As a Quaker with anti-slavery convictions, Lindley introduced several bills to curb slavery, one of which called for an end to the importation of slaves from Africa to North Carolina, a crucial first step toward abolition. The slave trade in North Carolina was outlawed in 1794, partly through Lindley's efforts, though slavery itself survived until the Civil War. Lindley left the General Assembly in 1805.

== Settling in Indiana ==

As new land in the Midwest was opened to settlement, land-hungry Quakers – often motivated by their ideals regarding slavery – began to move out of the "Quaker Belt" of the South. By 1808, Jonathan Lindley had already been considering a move west from North Carolina. As a successful landowner and lumber merchant, he was not motivated by the slavery issue alone. The Midwest's unbroken forests were primarily what attracted him north. Indiana Territory attracted many Southerners, in large part due to the Northwest Ordinance of 1787, which radically simplified land titles and helped owners secure a clear legal hold on their property. This appealed to settlers from the South, where deeding new land had grown complicated and often led to protracted, even violent, disputes.

Lindley and his son Zachariah traveled overland to Indiana Territory in 1808 to prospect for land. Lindley was mesmerized by Indiana's old-growth woodlands. He purchased large tracts of land along the Wabash River in present-day Parke County and initially intended to establish a Quaker colony near Fort Harrison, just north of the future site of Terre Haute. (In 1816, Lindley was still the largest stockholder in Abraham Markle's "Terre Haute Company," which platted the town in 1821. Some sources cite him as a founder of Terre Haute.)

Zachariah Lindley had established a grist mill on Lick Creek, in the limestone uplands forty miles northwest of Louisville, near what became Paoli, Indiana. Jonathan Lindley returned from North Carolina in 1811 with around twenty families. At least eleven of these families were "free colored," descendants of Africans and Lumbee, a Native American tribe in southeastern North Carolina. (The Lumbee often married African Americans and thus came to be classified as "colored" by the state.) Increasingly stripped of their rights by the Black Codes in the antebellum South, free blacks had compelling reasons to leave and often resettled near Quakers when they moved to the Midwest.

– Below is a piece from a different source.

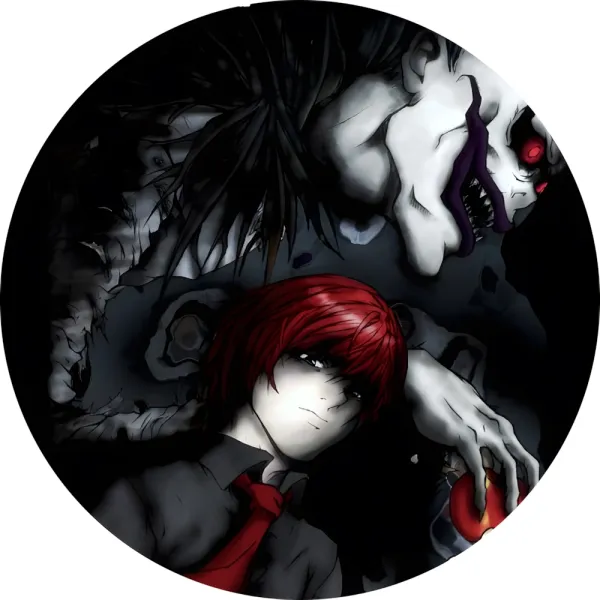 Значок Зошит смерті - 063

Originally intending to settle in the Wabash Valley, Lindley's settlers (numbering 218 people) were turned back by the outbreak of conflict between Tecumseh's Shawnee Confederation and the Indiana militia led by Territorial Governor William Henry Harrison. Turned away from the Wabash Valley, Jonathan Lindley and his family lived first near Richmond, Indiana, then purchased land at Lick Creek in what was later christened Orange County, Indiana, after his North Carolina birthplace. (Lick Creek itself was apparently named for a tributary of the Haw River near the old Lindley Mill in Chatham County, North Carolina.

Lindley's Lick Creek settlement, four miles east of the later town of Paoli along the road to Chambersburg, was one of the earliest white settlements in southern Indiana. Many of the free black settlers who moved north with him settled farther back away from the Chambersburg Road, in a remote part of what became the Hoosier National Forest. This settlement is also often referred to as "Lick Creek" or "Little Africa" and was abandoned by the early 20th century.

In 1814, Lindley became an Indiana territorial court judge. He was a member of Indiana House of Representatives from 1816 to 1817, where he served on a committee to locate a spot for a state university (at that time called Indiana Seminary) in Bloomington. Lindley thus played a role in founding both the University of North Carolina and Indiana University.

He died in Orange County on April 5, 1828. His interment was at Old Lick Creek Quaker Cemetery, along U.S. 150 in Chambersburg, Indiana.

The Thomas Elwood Lindley House in Paoli was owned by Jonathan Lindley's son and was built in 1869 on land deeded to him in 1812. In 1974, the house was given to the Orange County Historical Society and is often open to visitors.